Parsing css with a regex

Question

I'm wanting to scan through a css file and capture both comments and the css. I've came up with a regex that's almost there, however it's not quite perfect as it misses out properties with multiple declarations i.e.

ul.menu li a, # Won't capture this line
ul.nice-menu li a { text-decoration: none; cursor:pointer; }

Here's the regex that I'm working with:

(\/\*[^.]+\*\/\n+)?([\t]*[a-zA-Z0-9\.# -_:@]+[\t\s]*\{[^}]+\})

I've been testing this at rubular.com and here is what it currently matches, and what the array output is like.

Result 1

[0] /* Index */
/*
GENERAL

PAGE REGIONS
- Header bar region
- Navigation bar region
- Footer region           
SECTION SPECIFIC
- Homepage
- News */

[1] html { background: #ddd; }

Result 2

[0]
[1] body { background: #FFF; font-family: "Arial", "Verdana", sans-serif; color: #545454;}

I must point out that I'm still a new when it comes to regular expressions, so if anyone can help and show where I'm going wrong, it'd be much appreciated :)

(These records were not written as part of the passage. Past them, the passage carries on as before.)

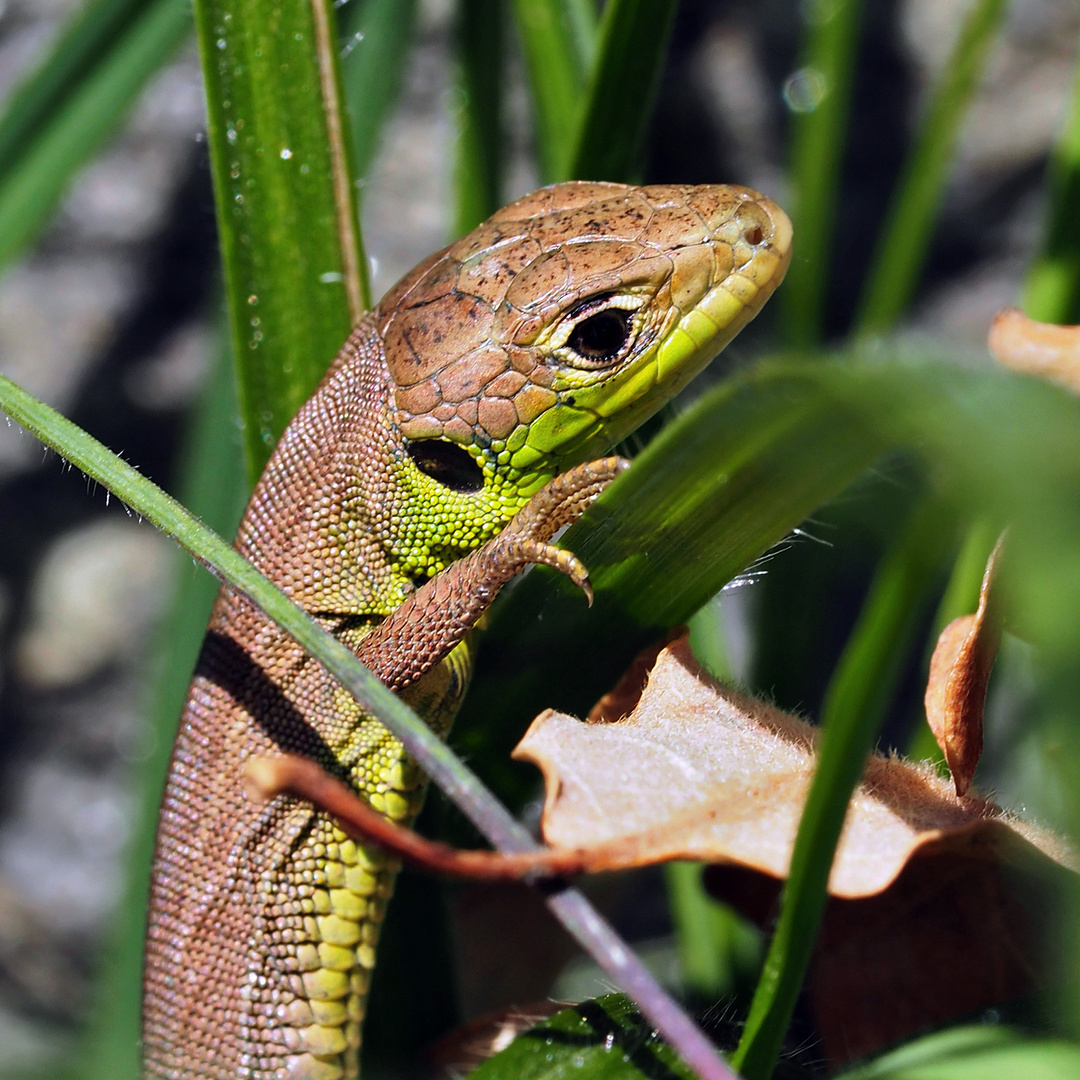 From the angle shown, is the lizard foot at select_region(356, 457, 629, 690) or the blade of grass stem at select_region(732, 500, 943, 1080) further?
the lizard foot at select_region(356, 457, 629, 690)

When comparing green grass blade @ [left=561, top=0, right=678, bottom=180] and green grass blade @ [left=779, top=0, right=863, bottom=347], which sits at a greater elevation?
green grass blade @ [left=779, top=0, right=863, bottom=347]

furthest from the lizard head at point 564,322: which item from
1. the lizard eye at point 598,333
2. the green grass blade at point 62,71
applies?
the green grass blade at point 62,71

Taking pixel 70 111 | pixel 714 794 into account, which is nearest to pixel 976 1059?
pixel 714 794

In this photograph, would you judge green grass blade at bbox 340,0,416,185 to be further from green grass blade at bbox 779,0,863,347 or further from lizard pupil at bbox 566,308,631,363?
green grass blade at bbox 779,0,863,347

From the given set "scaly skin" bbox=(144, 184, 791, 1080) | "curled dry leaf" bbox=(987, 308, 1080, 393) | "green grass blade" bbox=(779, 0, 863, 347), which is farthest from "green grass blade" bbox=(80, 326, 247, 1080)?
"curled dry leaf" bbox=(987, 308, 1080, 393)

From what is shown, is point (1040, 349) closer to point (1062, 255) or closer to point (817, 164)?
point (1062, 255)

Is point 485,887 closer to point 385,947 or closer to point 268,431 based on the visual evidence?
point 385,947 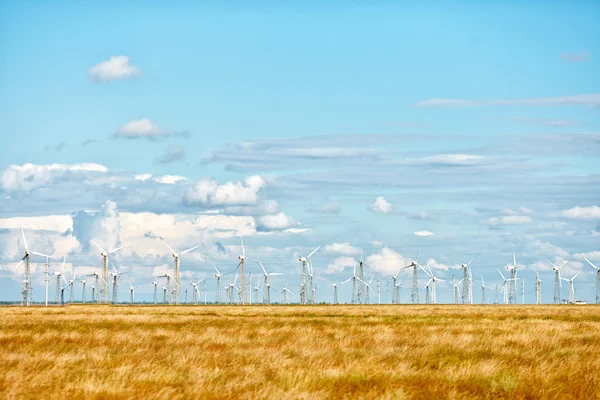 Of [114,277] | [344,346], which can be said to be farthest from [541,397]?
[114,277]

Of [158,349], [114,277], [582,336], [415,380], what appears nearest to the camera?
[415,380]

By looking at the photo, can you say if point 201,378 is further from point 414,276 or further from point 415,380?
point 414,276

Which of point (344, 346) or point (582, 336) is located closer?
point (344, 346)

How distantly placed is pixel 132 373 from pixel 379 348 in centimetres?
1086

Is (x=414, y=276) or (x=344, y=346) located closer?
(x=344, y=346)

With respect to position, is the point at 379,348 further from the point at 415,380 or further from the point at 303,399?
the point at 303,399

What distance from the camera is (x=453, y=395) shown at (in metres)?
17.6

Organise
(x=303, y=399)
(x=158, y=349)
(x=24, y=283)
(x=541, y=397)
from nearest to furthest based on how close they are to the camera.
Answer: (x=303, y=399) < (x=541, y=397) < (x=158, y=349) < (x=24, y=283)

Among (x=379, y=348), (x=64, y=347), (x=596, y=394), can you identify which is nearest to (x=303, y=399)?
(x=596, y=394)

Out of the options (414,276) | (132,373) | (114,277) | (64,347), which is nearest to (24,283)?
(114,277)

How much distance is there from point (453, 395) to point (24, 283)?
490ft

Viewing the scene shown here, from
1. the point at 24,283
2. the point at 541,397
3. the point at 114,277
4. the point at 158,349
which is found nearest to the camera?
the point at 541,397

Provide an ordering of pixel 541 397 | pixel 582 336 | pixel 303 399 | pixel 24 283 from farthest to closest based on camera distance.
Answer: pixel 24 283
pixel 582 336
pixel 541 397
pixel 303 399

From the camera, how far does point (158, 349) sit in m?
28.2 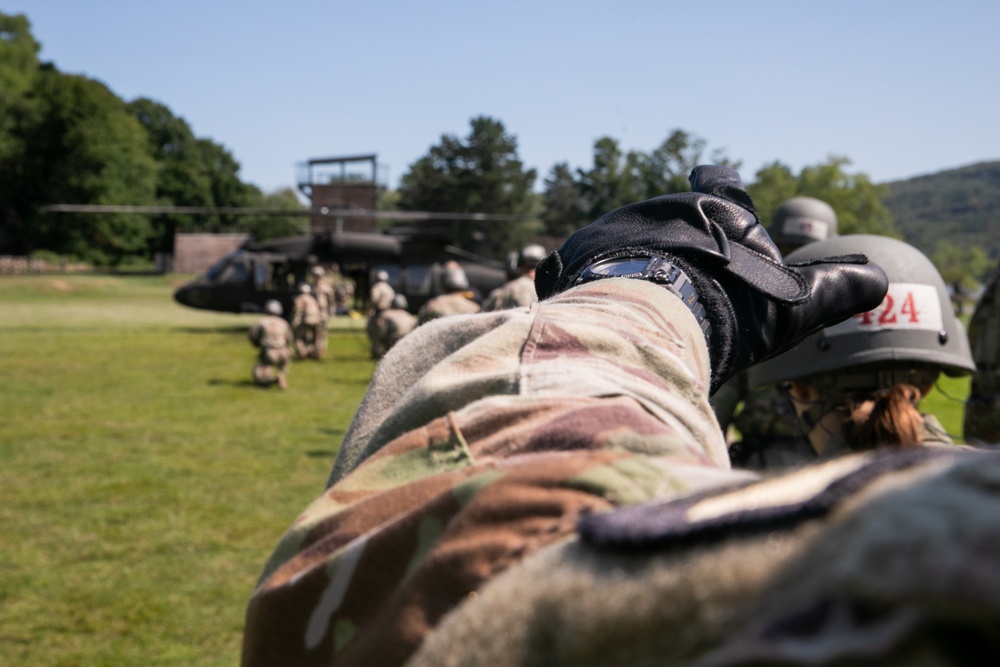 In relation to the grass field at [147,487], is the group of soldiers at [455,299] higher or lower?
higher

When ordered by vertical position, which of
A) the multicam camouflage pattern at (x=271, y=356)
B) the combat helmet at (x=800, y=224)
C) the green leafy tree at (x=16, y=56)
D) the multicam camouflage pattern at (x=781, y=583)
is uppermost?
the green leafy tree at (x=16, y=56)

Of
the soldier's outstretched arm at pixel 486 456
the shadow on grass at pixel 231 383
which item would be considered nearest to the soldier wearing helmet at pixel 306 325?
the shadow on grass at pixel 231 383

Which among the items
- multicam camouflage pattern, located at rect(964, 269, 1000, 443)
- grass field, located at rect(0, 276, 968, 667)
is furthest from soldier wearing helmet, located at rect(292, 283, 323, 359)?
multicam camouflage pattern, located at rect(964, 269, 1000, 443)

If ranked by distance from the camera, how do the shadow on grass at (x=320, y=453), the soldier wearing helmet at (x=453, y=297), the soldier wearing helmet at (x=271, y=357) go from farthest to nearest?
the soldier wearing helmet at (x=271, y=357) → the soldier wearing helmet at (x=453, y=297) → the shadow on grass at (x=320, y=453)

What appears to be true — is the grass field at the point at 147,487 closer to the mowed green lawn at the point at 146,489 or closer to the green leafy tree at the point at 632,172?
the mowed green lawn at the point at 146,489

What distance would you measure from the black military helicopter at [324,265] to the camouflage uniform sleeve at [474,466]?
23.0 metres

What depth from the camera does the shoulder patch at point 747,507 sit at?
0.43 metres

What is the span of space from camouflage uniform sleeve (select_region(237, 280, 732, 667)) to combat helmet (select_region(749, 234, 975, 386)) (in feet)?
7.76

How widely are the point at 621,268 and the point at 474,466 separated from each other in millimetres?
520

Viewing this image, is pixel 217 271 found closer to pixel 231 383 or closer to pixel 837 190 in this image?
pixel 231 383

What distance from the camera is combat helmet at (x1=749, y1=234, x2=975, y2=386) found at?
3.12 metres

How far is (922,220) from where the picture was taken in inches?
6570

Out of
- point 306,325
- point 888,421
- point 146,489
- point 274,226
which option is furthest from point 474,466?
point 274,226

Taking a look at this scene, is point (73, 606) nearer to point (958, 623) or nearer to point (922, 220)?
point (958, 623) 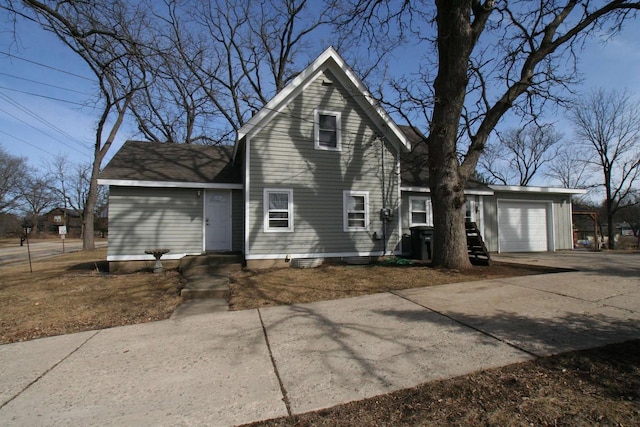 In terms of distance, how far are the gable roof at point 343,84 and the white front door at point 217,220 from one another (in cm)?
215

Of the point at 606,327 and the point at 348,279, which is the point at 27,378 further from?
the point at 606,327

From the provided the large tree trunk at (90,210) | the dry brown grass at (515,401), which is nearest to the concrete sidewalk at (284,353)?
the dry brown grass at (515,401)

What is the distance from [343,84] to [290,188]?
4.11m

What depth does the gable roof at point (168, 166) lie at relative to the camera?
35.7 ft

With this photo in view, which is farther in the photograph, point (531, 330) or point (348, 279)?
point (348, 279)

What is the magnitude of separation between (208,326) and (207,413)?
2.46 m

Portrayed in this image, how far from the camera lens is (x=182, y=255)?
11195 mm

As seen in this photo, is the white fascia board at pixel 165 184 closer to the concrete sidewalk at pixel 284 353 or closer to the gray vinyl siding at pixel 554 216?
the concrete sidewalk at pixel 284 353

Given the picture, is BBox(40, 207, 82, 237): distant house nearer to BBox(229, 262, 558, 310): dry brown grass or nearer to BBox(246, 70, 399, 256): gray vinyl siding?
BBox(246, 70, 399, 256): gray vinyl siding

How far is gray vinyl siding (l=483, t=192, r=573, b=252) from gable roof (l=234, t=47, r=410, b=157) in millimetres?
5358

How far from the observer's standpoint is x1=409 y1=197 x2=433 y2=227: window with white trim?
1314 cm

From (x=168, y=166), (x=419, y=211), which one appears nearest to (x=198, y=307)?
(x=168, y=166)

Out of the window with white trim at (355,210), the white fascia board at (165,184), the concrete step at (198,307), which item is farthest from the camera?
the window with white trim at (355,210)

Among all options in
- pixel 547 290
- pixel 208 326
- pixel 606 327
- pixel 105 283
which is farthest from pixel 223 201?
pixel 606 327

BTW: I'm using PHP and preg_match_all

can you define what kind of output you want? "you want css and comments " is to global to determine what you want. specify an array of some sort — Robert Cabri
– Robert Cabri, Commented Oct 24, 2009 at 14:25
I've added what the expected output is currently like to the question, hope this help :) — Damian
– Damian, Commented Oct 24, 2009 at 14:46

peter.murray.rust · Accepted Answer · 2009-10-24 14:41:58Z

6

CSS cannot be fully parsed with a regex (see CSS Grammar: http://www.w3.org/TR/CSS2/grammar.html). The {...} can be split over lines, for example, and your current version wouldn't handle this. If you need to do this, you should read the CSS spec and use a tool like ANTLR to generate a parser.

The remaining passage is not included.